NFT(Non-Fungible Token)は発明されたばかりではないが、アートオークション領域では大変動をもたらしてきた。クリスティーズ、サザビーズ、フィリップスはそれぞれ、この2か月間で初めてのNFTを販売し、他の多くのオークションハウスやギャラリーがこの新しい試しみに引き込まれている。Artpriceは、この新しいメディアの中心にある無限の創造性と並外れた需要の可能性を認識している。それは、テクノロジーの急速な成長と、将来の世代のコレクターの願望とも一致する。
現代美術のある作品がオークションで高値をつけたことはよく問題にされるが、Beeple、Pak、Mad Dogの最近の結果についてはどうだろうか? Jeff KoonsやDamien Hirstが打ち立てた天文学的な記録は賛否両論あるものの、少なくともこれらのアーティストのキャリア全体と、マーケット、そしてセカンダリーマーケットは徐々に構築されていったことを表している。
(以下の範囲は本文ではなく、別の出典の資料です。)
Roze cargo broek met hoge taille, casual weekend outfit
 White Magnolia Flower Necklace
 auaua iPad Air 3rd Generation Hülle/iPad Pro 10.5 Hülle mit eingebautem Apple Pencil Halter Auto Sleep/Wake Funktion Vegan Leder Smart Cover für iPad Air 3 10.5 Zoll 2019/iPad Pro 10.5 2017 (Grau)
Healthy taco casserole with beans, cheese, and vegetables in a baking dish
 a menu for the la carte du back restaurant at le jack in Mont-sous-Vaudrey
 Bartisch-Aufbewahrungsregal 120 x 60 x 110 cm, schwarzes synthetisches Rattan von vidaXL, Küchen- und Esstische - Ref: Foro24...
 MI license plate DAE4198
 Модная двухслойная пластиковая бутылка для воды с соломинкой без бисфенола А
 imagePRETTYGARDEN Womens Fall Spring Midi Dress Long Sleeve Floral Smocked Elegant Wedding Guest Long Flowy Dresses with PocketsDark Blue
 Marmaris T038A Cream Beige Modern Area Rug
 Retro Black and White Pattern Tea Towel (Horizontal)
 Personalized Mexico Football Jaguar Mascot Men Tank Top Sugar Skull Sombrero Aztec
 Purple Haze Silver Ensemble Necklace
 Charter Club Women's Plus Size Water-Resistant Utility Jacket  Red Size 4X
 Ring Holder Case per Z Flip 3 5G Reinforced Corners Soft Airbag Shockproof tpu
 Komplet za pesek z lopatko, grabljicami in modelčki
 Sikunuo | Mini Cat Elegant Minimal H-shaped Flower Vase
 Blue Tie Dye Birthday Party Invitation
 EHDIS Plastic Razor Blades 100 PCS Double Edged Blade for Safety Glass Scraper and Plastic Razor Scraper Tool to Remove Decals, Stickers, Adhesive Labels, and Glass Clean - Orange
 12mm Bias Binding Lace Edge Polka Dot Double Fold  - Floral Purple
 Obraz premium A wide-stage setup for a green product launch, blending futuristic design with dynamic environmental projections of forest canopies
今日、NFTにより達成された数百万から数千万ドルの結果は、それまでアート市場に決して流通することのなかったアーティストたちの作品である。
- Beepleの《EVERYDAYS: THE FIRST 5000 DAYS》の価格推移は不明
- 開始価格:100ドル→達成された価格:69,346,250ドル。
アートと技術
「NFTは革新的な発明であり、アート史上における最高傑作と比較する人もいる」と、Artmarket.comとそのArtprice部門の創設者であり社長のティエリー・エールマン(Thierry Ehrmann)は説明する。「シーナ・エスタビ(Sina Estavi)が最初のツイートのNFT(290万ドル)を購入し、自らそれをダ・ヴィンチのモナリザと比較したとき、彼自身とこの技術を愛する多くの人々にとってNFTが何を意味するかについて語った。彼は並外れた芸術的才能による新しい世界の到来、すなわち、ルネッサンスと表現した」と。もちろん、すべてのNFTがアート作品というわけではないが、中には真のデジタルアート作品として制作され、世界最大のオークションハウスによってアート市場の第一線に押し上げられたものもある。Artpriceは、このような新しい形態のアートをデータベースに統合し、その発展を研究し、会員にこの新しい市場に関連するすべての必要な情報を提供したいと考えている。
「レッドチップ」とNFT
オークション領域のNFTの登場は、コレクターが最新のトレンド、つまり「レッドチップ」アーティストに注目するようになったという伝統的なアート市場における最近の変化の延長上にあるようだ。テレビ番組「The Next Big Thing」のプレゼンテーションで、サザビーのヨーロッパにおけるプライベートセールス部門責任者のイザベル・パーグマンは「今や、ルールが覆された」と話す。「従来、アーティストはまずギャラリーの助けを借りて評判を築いて観客を集め、最初のマーケットを構築し、その後は、ゆっくりとセカンダリーマーケットへと進んでいく。今日では、アーティストはインスタグラムを介して観客を集め、突然、地球上で最も望まれるアーティストの一人になる。その結果、まだキャリアの浅い若いアーティストがオークションに出るようになっている」というこのような変化はNFTのテクノロジーと完全に一致している。デジタル作品は、ウェブやインスタグラム、Youtubeなどで自由に流通し、そのデジタル資産は暗号化される。